Dataset records.
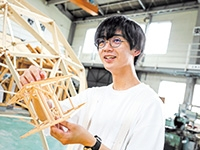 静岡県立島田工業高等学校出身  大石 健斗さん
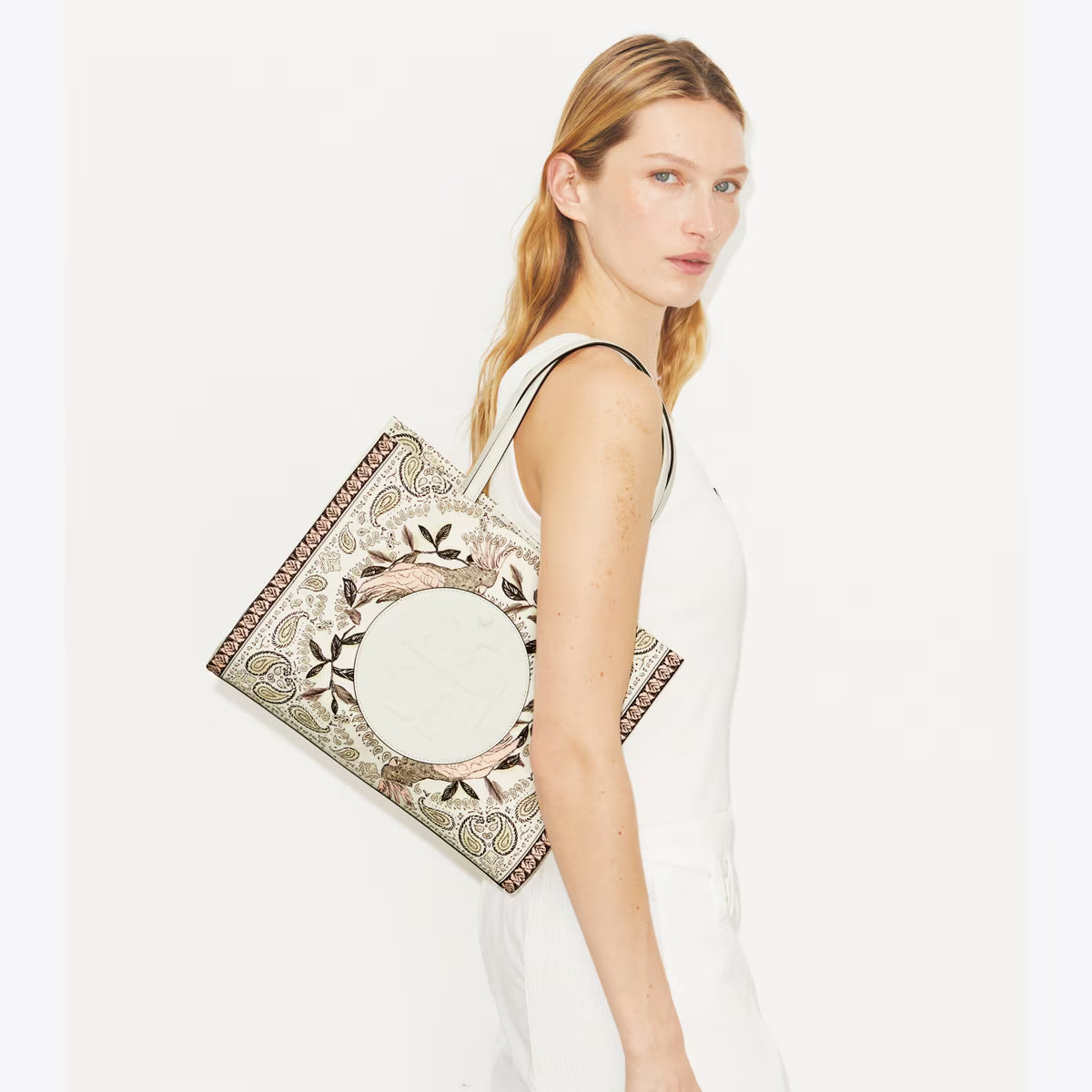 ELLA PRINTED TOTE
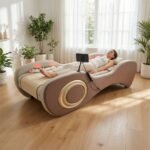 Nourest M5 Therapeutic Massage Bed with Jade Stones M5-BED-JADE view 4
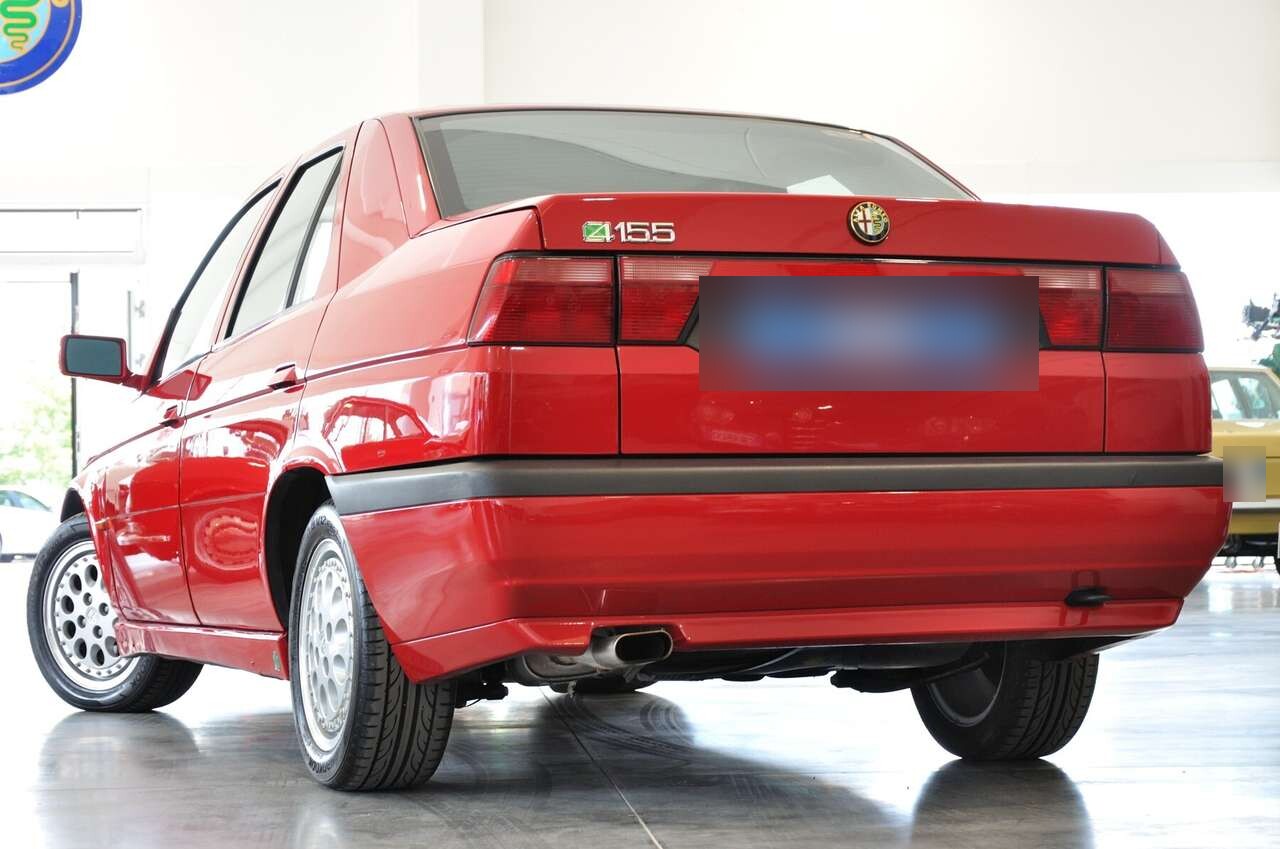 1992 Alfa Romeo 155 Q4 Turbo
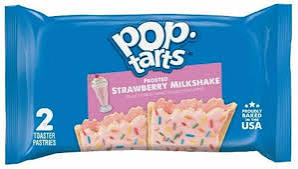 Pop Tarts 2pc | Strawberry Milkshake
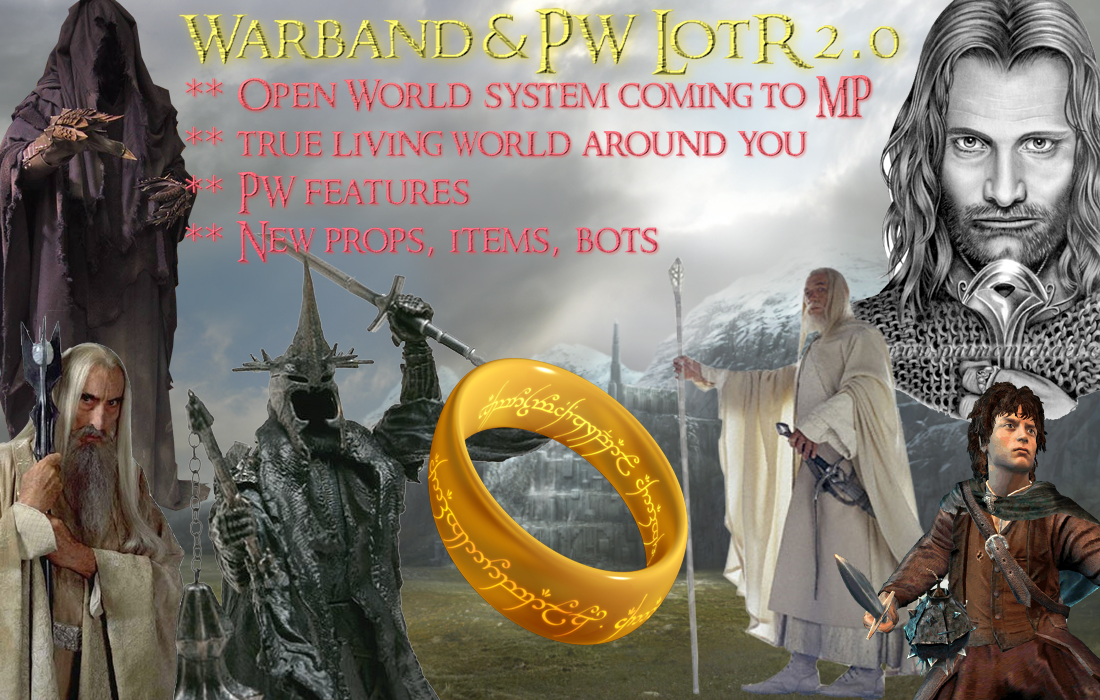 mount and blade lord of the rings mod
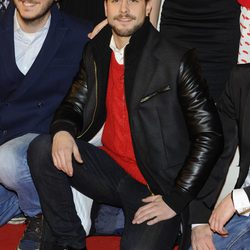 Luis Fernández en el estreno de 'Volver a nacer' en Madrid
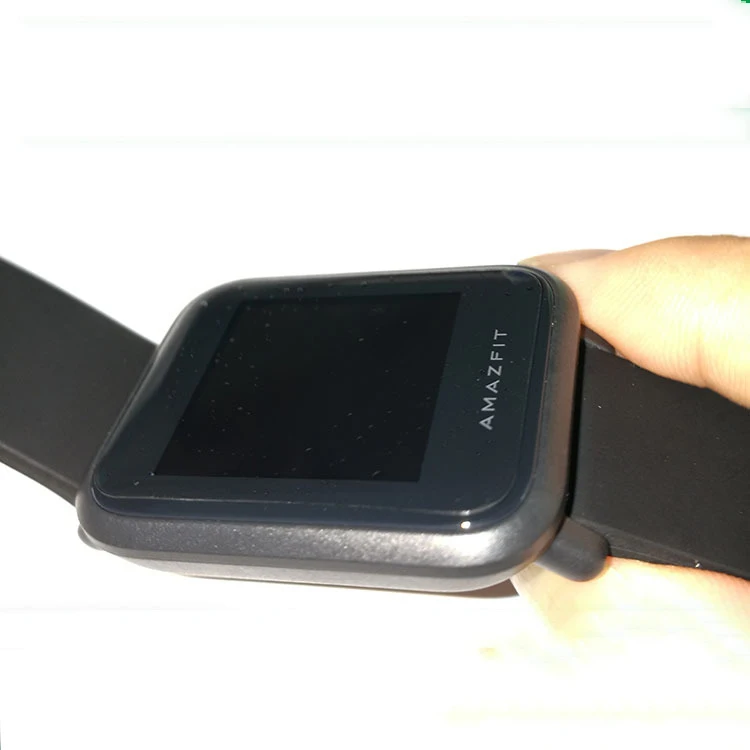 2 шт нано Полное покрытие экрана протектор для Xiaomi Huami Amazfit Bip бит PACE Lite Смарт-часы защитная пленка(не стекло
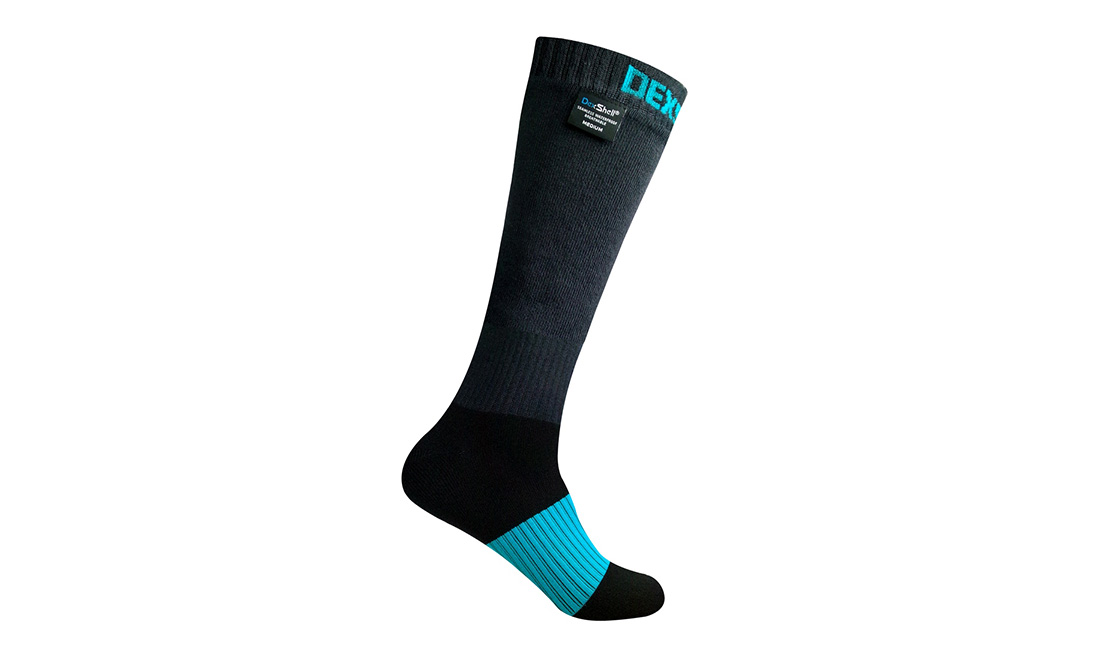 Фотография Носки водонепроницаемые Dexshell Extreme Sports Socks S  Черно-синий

Assignment.
Without the pictures, give the entries above back exactly.

Answer box.
 静岡県立島田工業高等学校出身  大石 健斗さん
 ELLA PRINTED TOTE
 Nourest M5 Therapeutic Massage Bed with Jade Stones M5-BED-JADE view 4
 1992 Alfa Romeo 155 Q4 Turbo
 Pop Tarts 2pc | Strawberry Milkshake
 mount and blade lord of the rings mod
 Luis Fernández en el estreno de 'Volver a nacer' en Madrid
 2 шт нано Полное покрытие экрана протектор для Xiaomi Huami Amazfit Bip бит PACE Lite Смарт-часы защитная пленка(не стекло
 Фотография Носки водонепроницаемые Dexshell Extreme Sports Socks S  Черно-синий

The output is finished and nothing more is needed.